Bug #85132 Performance regression with FusionIO between 5.6.16 and 5.6.34
Submitted: 22 Feb 2017 17:59 Modified: 27 Aug 2018 12:00
Reporter: Geoff Montee Email Updates:
Status: Can't repeat Impact on me:
None 
Category:MySQL Server: InnoDB storage engine Severity:S3 (Non-critical)
Version:5.6.34 OS:Any
Assigned to: CPU Architecture:Any
Tags: fusionio, innodb, regression, sysbench

[22 Feb 2017 17:59] Geoff Montee
Description:
A user is seeing a performance regression between 5.6.16 and 5.6.34 on a server with the following specifications:

Intel(R) Xeon(R) CPU E5-2680 v3 @ 2.50GHz
256GB RAM
FusionIO drive (partition mounted as type xfs (rw,nodev,noatime,nodiratime,inode64,no barrier))
CentOS 6.6/6.7

The performance regression between the two versions seems to be larger when using a smaller value for innodb_buffer_pool_size--possibly related to more disk access.

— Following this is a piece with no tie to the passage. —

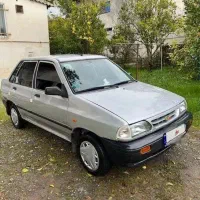 پراید صبا مدل ۸۸شاسی پلمپ بیرنگ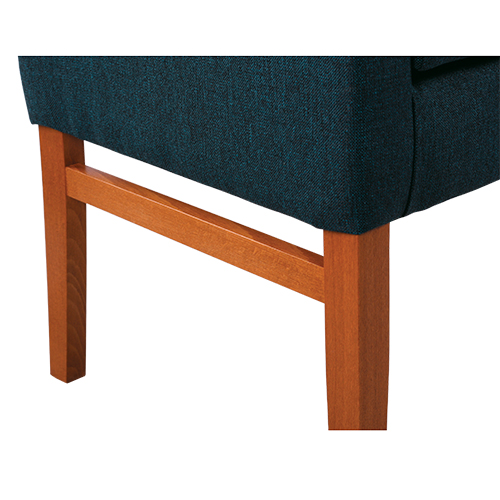 Čalouněné křeslo LEEDS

When tested with sysbench 0.5, the user saw the following performance differences:

8 threads = 1.12% reduction in TPS
16 threads = 1.71% reduction in TPS
32 threads = 2.19% reduction in TPS
64 threads = 14.38% reduction in TPS
128 threads = 34.59% reduction in TPS

This regression does not seem to affect servers not using FusionIO.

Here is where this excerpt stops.